Once we decide on professional norms then we should align institutional incentives such that calling a person a careerist ends up being the biggest compliment you can give. A careerist might be damaging themselves emotionally by having bad motivations--really caring about themselves rather than "the profession"--but so what, so long as they do their defined job well?

A reduction in publication load would be useless without a concomitant social decision on what the specific goals of criticism should be and which broad methods of critical analysis are deemed valid (internal contradiction: bad; new archive-based literary histories of writers deemed worth studying: good; readable prose: good; etc).

R/T said...

D. G. Myers says: "Teaching, at least of literature, should be as unoriginal as possible. My responsibility as a teacher is to introduce my students to a share of the human heritage. Not to exhibit my intellectual idiosyncrasy." Litlove, though, "can't possibly agree with that." Well, for whatever it is worth, I agree with you, Prof. Myers, because we as teachers of literature must give students the basic tools with which to approach literature. It is similar to teaching someone to walk before teaching him or her to walk. Agenda-driven observers may not understand the need for such an ostensibly conservative or pragmatic approach but--if they look at other academic disciplines--they would have to admit that walking precedes running in every endeavor.

R/T said...

CORRECTION:
Of course, I meant to say "to walk before teaching him or her to run" in this sentence: "It is similar to teaching someone to walk before teaching him or her to walk." I apologize for the sloppiness.

litlove said...

R. T., do go on to read the whole of my comment. I suggest quite clearly that we should teach students to walk, and then to run.

D. G. Myers said...

Please forgive me, but I don’t agree with either one of you. I am the father of four children. And I taught none of them to walk. Nor to run.

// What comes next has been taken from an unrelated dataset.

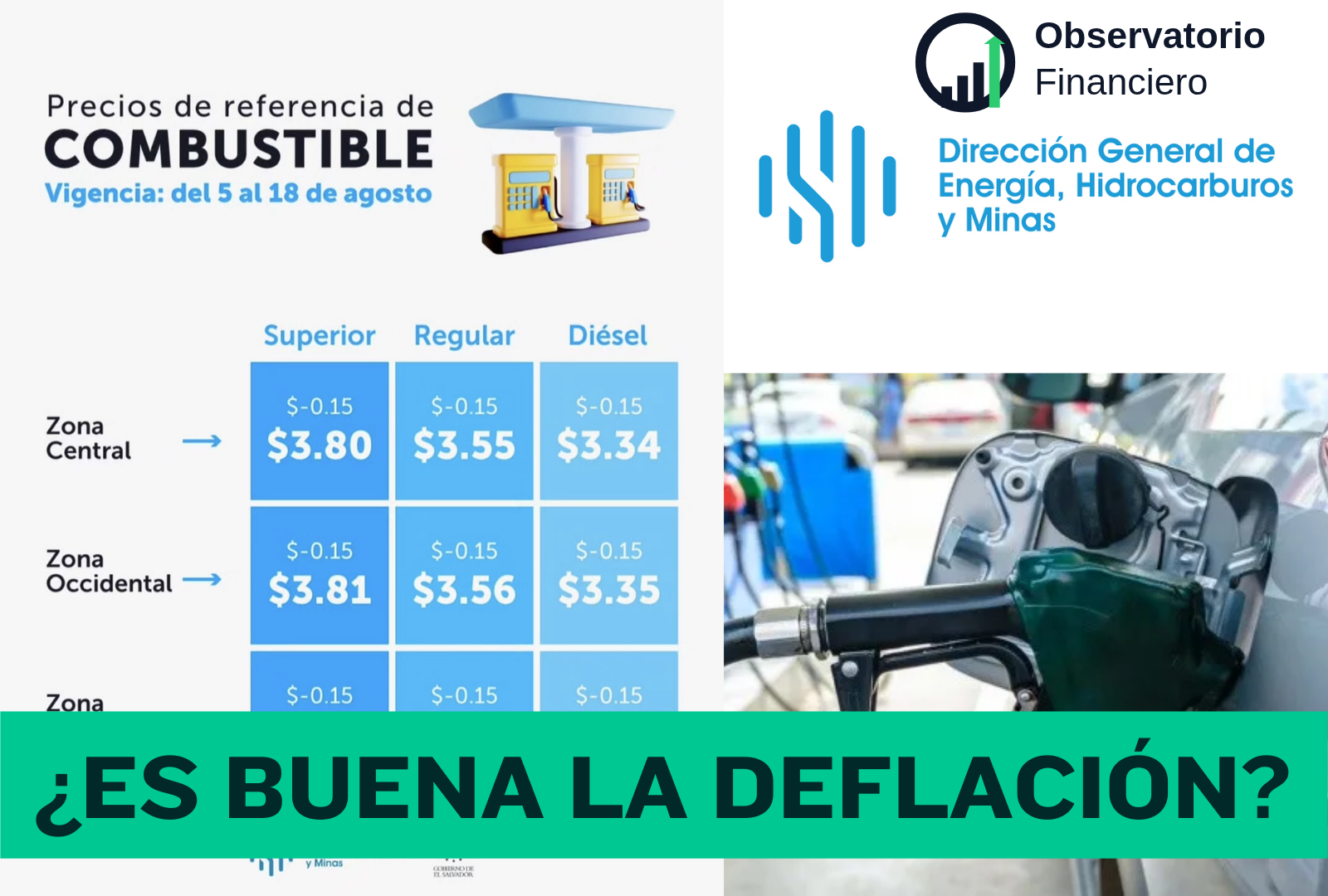 El Salvador: deflación y gasolina más barata al 10 de agosto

What I am teaching them, especially the boys, is to walk correctly. No strutting, no slouching, no running in the aisles of the supermarket, no pouting halt. I am trying to introduce them into—God forgive me—a culture of walking in which gait reflects character (more or less).

And that’s pretty much what I try to do in the classroom.

Take the critical failing that I described on Sunday as “solipsism in interpretation.” This will be immediately recognized in the undergraduate remark, “I can relate to O.” It is neither good manners nor rational adequacy to understand a literary text only in relationship to oneself, one’s history, one’s prejudices and preferences.

Yvor Winters taught corrosion and distrust; I, correctness and demands.

R/T said...

I stand corrected in that my figure of speech should have said walk correctly before running, and, Prof. Myers, I rather like the way you have built upon and modified my language. Actually, while I thought the "correctly" was implied in my original comment, I'm glad to have my figurative language tweaked and improved.